A Índia e a União Europeia (UE) celebraram um acordo comercial histórico, anunciou terça-feira o primeiro-ministro indiano, Narendra Modi, num momento de relações tensas com os Estados Unidos. Após 18 anos de negociações intermitentes, o pacto abrirá caminho para que a Índia abra o seu mercado protegido, o mais populoso do mundo, ao comércio livre com a UE, composta por 27 países, o seu maior parceiro comercial.
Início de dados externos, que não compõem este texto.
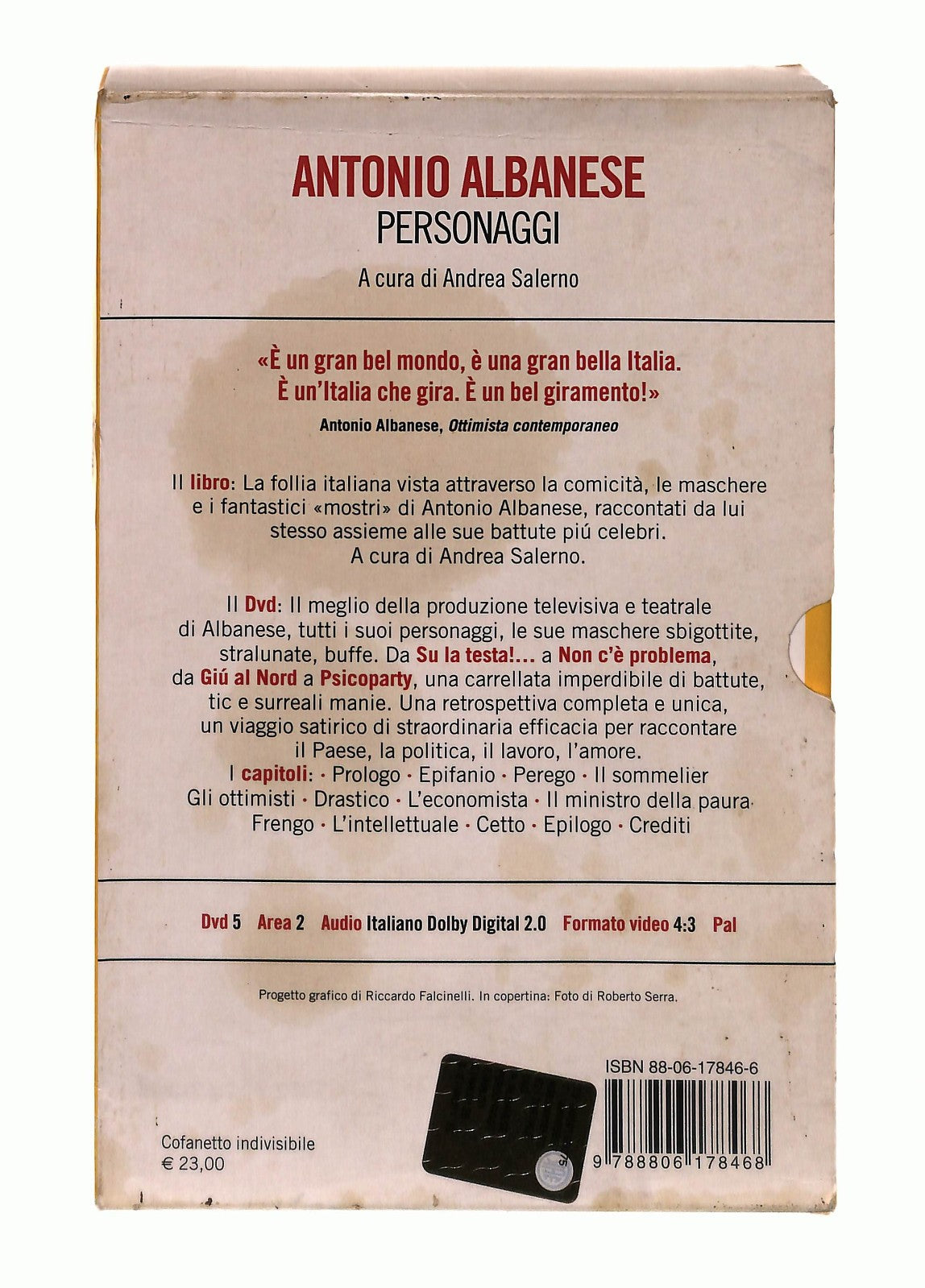 EBOND Personaggi Antonio Albanese EinaudiCon DVD Libro LI045665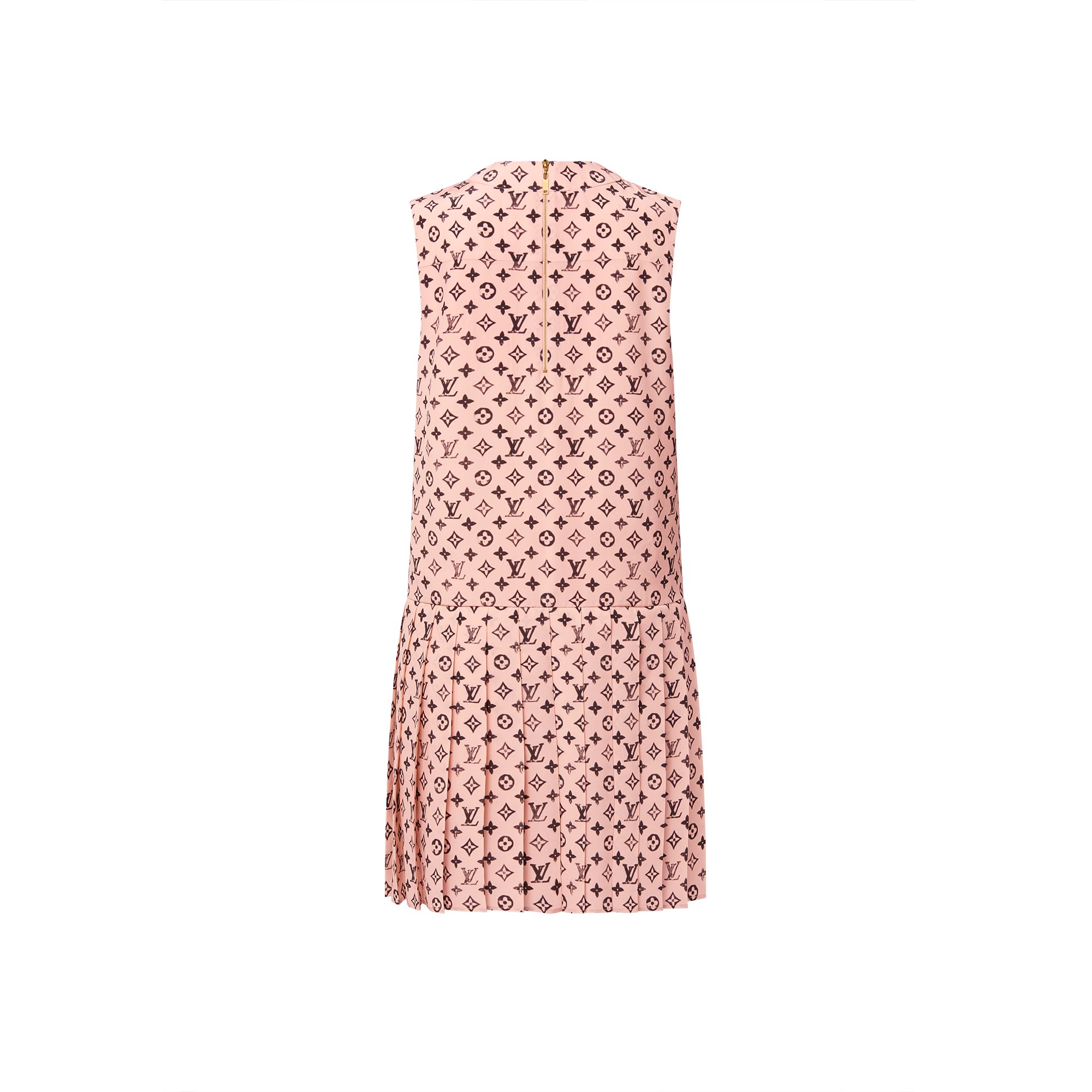 Abito a pieghe con motivo Monogram effetto lavato  Donna Abbigliamento Abiti | LOUIS VUITTON (Zoom prodotto)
O acordo criaria um mercado de 2 mil milhões de pessoas numa altura em que os laços comerciais estão a ser testados pelo aumento das tensões geopolíticas.
“Um acordo importante foi assinado entre a União Europeia e a Índia”, disse Modi. “Este acordo proporcionará grandes oportunidades aos 1,4 mil milhões de habitantes da Índia e aos milhões de pessoas na Europa”, afirmou o Presidente.
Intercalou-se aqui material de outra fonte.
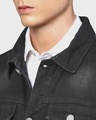 Shop Men's Black Full Sleeve Stylish Casual Denim Jacket-Full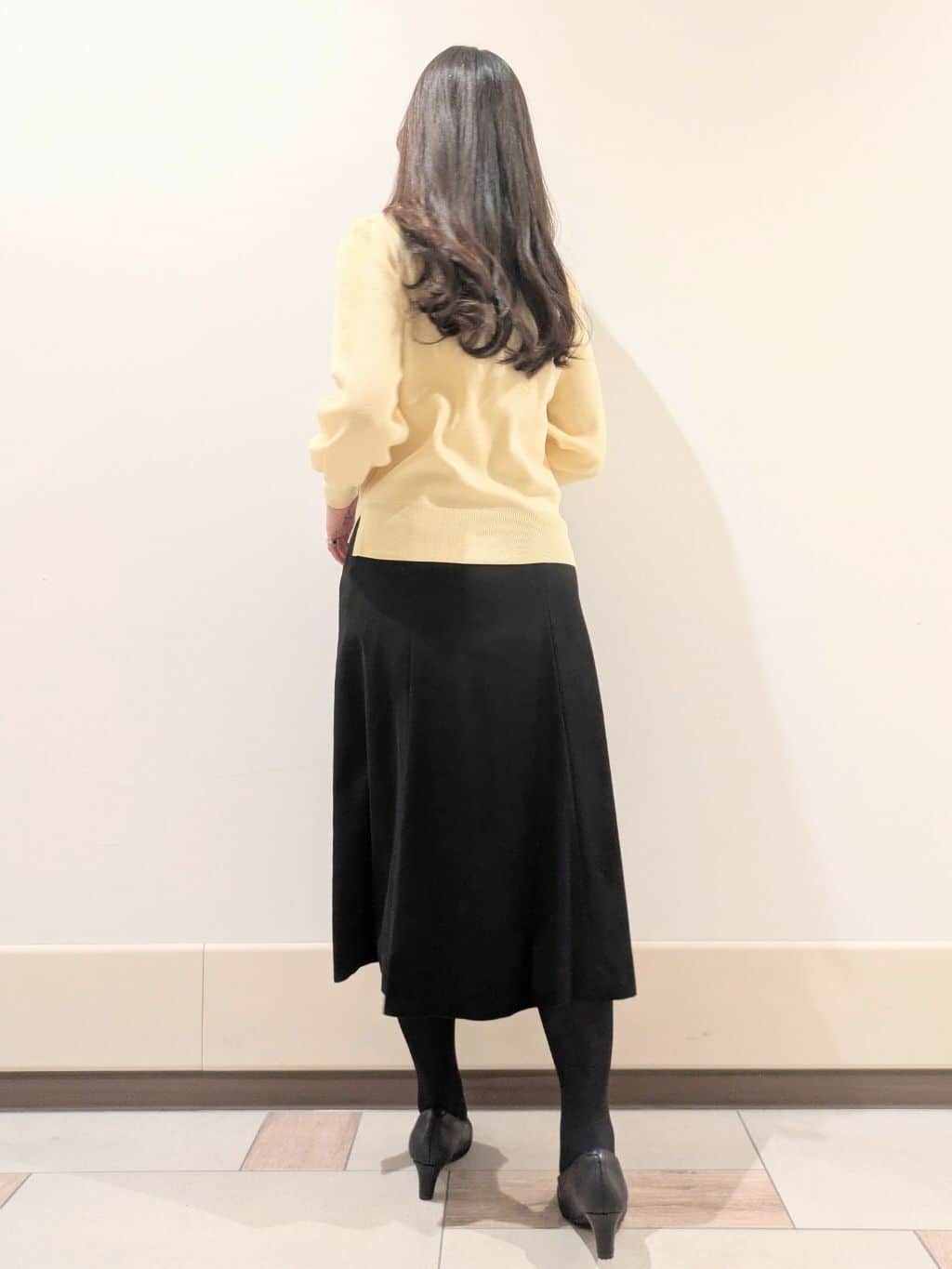 imamiさんの「Reflect｜【選べる8色／スカートにもパンツにも◎】ウール混ボートネックニット」を使ったコーディネート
“A Europa e a Índia estão hoje a fazer história. Concluímos o acordo mais importante de todos. Criámos uma zona de comércio livre para dois mil milhões de pessoas, da qual ambas as partes irão beneficiar”, escreveu a presidente da Comissão Europeia, Ursula von der Leyen, na sua conta X nas redes sociais.
A Europa e a Índia estão hoje a fazer história.
Fizemos a mãe de todos os negócios.
Criámos uma zona de comércio livre com uma população de dois mil milhões de pessoas, da qual ambas as partes irão beneficiar.
Este é apenas o começo.
Fortaleceremos nosso relacionamento estratégico. pic.twitter.com/C7L1kQQEtr
— Ursula von der Leyen (@vonderleyen) 27 de janeiro de 2026
Espera-se que Modi e von der Leyen façam uma declaração conjunta na cimeira Índia-UE em Nova Deli e forneçam mais detalhes. No exercício financeiro encerrado em março de 2025, o comércio entre a Índia e a UE situou-se em 136,5 mil milhões de dólares.
O acordo comercial da Índia com a UE, que representa cerca de 25% do PIB global e cerca de um terço do comércio global, também será complementado pelos acordos da Índia com a Grã-Bretanha e a Associação Europeia de Comércio Livre, disse Modi.
O acordo surge poucos dias depois de a UE ter assinado um pacto fundamental com o bloco sul-americano Mercosul, na sequência de acordos alcançados no ano passado com a Indonésia, o México e a Suíça. Durante o mesmo período, Nova Deli celebrou acordos com o Reino Unido, Nova Zelândia e Omã. A enxurrada de acordos sublinha os esforços globais para afastar os Estados Unidos, à medida que a oferta do presidente Donald Trump pela Gronelândia e as ameaças tarifárias aos países europeus testam as alianças tradicionais entre os países ocidentais.
Trump impôs uma tarifa de 50 por cento sobre produtos provenientes da Índia, e um acordo comercial entre a Índia e os Estados Unidos foi cancelado no ano passado devido a uma falha na comunicação entre os dois governos.
A assinatura formal do acordo entre a Índia e a UE ocorrerá após uma revisão jurídica que deverá durar cinco a seis meses, segundo um funcionário do governo indiano familiarizado com o assunto. “Esperamos que o acordo seja implementado dentro de um ano”, acrescentou o responsável.